Segundo, porque o particular contexto em que a vacinação está sendo realizada também justificaria esse resultado. Em última análise, imputar responsabilidade civil ao Estado é uma maneira de distribuir o custeio de determinados danos entre toda a população. Desde a criação da chamada teoria da “falta do serviço”, esse tem sido um dos fundamentos para legitimar a atribuição ao Estado de um dever mais alargado de indenizar. No fundo, trata-se de fazer com que toda a coletividade reparta entre si os encargos decorrentes daqueles episódios em que, mesmo na ausência de qualquer culpa ou negligência, o serviço público não funciona da maneira pretendida – e termina causando dano a alguns indivíduos em especial.

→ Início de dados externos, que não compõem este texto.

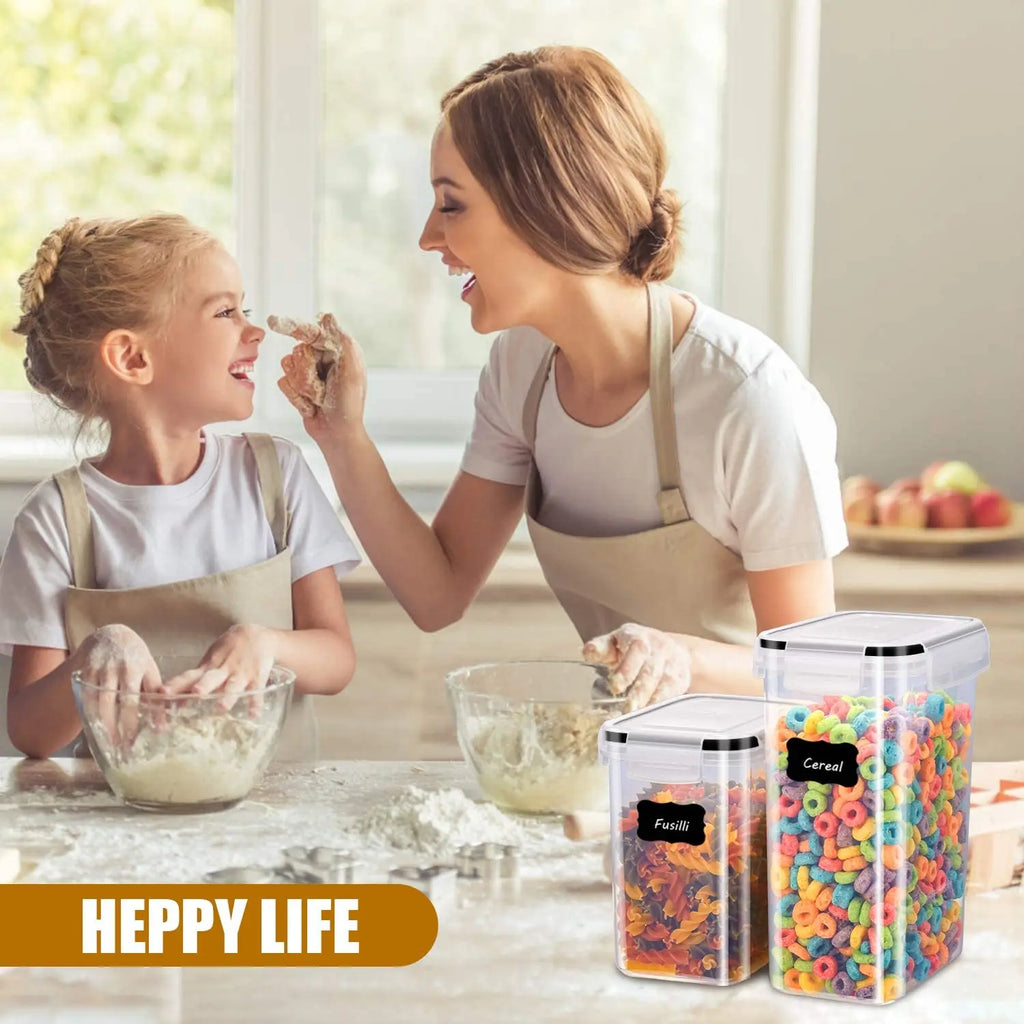 7-Piece Airtight Food Storage Container Set with Labels and Pen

Alocar os custos decorrentes de efeitos adversos para agentes privados pode (i.) ser extremamente lesivo para eles, conforme seu porte econômico; e (ii.) pode também fazer com que não haja interesse do setor privado na aquisição e aplicação direta de vacinas. Nesse caso, o SUS terminaria sendo duplamente onerado: a uma, porque as pessoas que não fossem vacinadas pelo setor privado precisariam ser vacinadas no âmbito do SUS; a duas, porque em tese o mesmo número de eventos de efeitos adversos poderia ser produzido – e, nessa hipótese, o Poder Público certamente seria responsabilizado por eles.

A eventual responsabilidade do Estado decorrente de vacinas aplicadas por agentes particulares pode soar contraintuitiva, mas seria uma novidade. Recentemente, o Estado assumiu responsabilidade por danos causados por particulares (i.) agindo sem conexão com programa oficial de Estado; ou (ii.) atuando com intenção deliberada de causar dano ou negligência. Isso foi feito por meio do artigo 23 da Lei Geral da Copa (Lei Federal nº 12.663/2012), que estabeleceu que União se responsabilizaria por “todo e qualquer dano resultante ou que tenha surgido em função de qualquer incidente ou acidente de segurança relacionado aos Eventos”, isentando, assim, a Federação Internacional de Futebol (“FIFA”) de qualquer responsabilidade. A constitucionalidade deste dispositivo foi confirmada pelo Supremo Tribunal Federal (“STF”) por meio da ADI 4976. Para o STF, um dos argumentos para justificar a constitucionalidade do dispositivo é que haveria um relevante interesse público atrelado à assunção da responsabilidade civil pelo Estado: imensuráveis vantagens econômicas materiais e imateriais relacionadas à Copa.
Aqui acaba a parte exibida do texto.